IN DEPTH: FinTech TruFin Not Yet Ready To Cast Off Its ‘Mortal Shell’

(The following article is an example of executive interviews by Alliance News journalists. Our IN DEPTH reporting is available only on Alliance News professional services.)

12 Feb 2021, 17:28:29 GMT

(Alliance News) – TruFin PLC dramatically broadened its ownership earlier this month as its dominant shareholder sold stock, but the fintech firm with an interesting sideline in video game publishing is not rushing to sell one of its crown jewels.

The AIM-listed financial technology firm has found itself the beneficiary of a hit role playing video game, launched last August on the PlayStation 4, Xbox One and PC. In ‘Mortal Shell’, players are invited to “possess…the anima of defeated warriors”.

“Inhabit these mortal shell and open your understanding to their unique masteries of combat,” the game offers against dark images of sharp swords and spiky maces.

It is a long way from banking, invoice lending and the other financial offerings of TruFin, but Chief Executive Officer James van den Bergh explained that ‘Mortal Shell’ emerged from the deep approach that the company’s takes in each of its financial services verticals.

TruFin bought a majority stake in Playstack Ltd in 2019 for its games industry expertise, in order to develop a business of providing loans to video game developers.

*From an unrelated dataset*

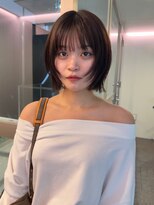 フィルムス 表参道(FILMS)&nbsp;くびれヘア/アプリコットオレンジ/髪質改善/縮毛矯正/表参道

In a form of invoice lending, Playstack provided loans to mobile game developers to tide them over until they start receiving revenue-sharing payments from app stores, such as those of Apple Inc and Alphabet Inc’s Google.

Playstack now acts an originator and broker for such loans, rather than providing the capital itself, but in the meantime its publishing side has continued to launch games, scoring a hit with ‘Mortal Shell’, developed by Cold Symmetry.

Last month, TruFin said revenue doubled in 2020 to GBP14.6 million from GBP7.3 million, “significantly” ahead of market expectations and “predominantly” driven by Playstack. Adjusted pretax loss is expected to be no wider than GBP8.4 million, narrowed from GBP9.3 million in 2019.

“We went into it to do lending,” Van den Bergh said in an interview with Alliance News on Friday, “but the other side is the digital publishing side, which is very, very attractive to investors. It has done extremely well and we think will continue to do extremely well, so I think we have been fortuitous in picking Playstack.”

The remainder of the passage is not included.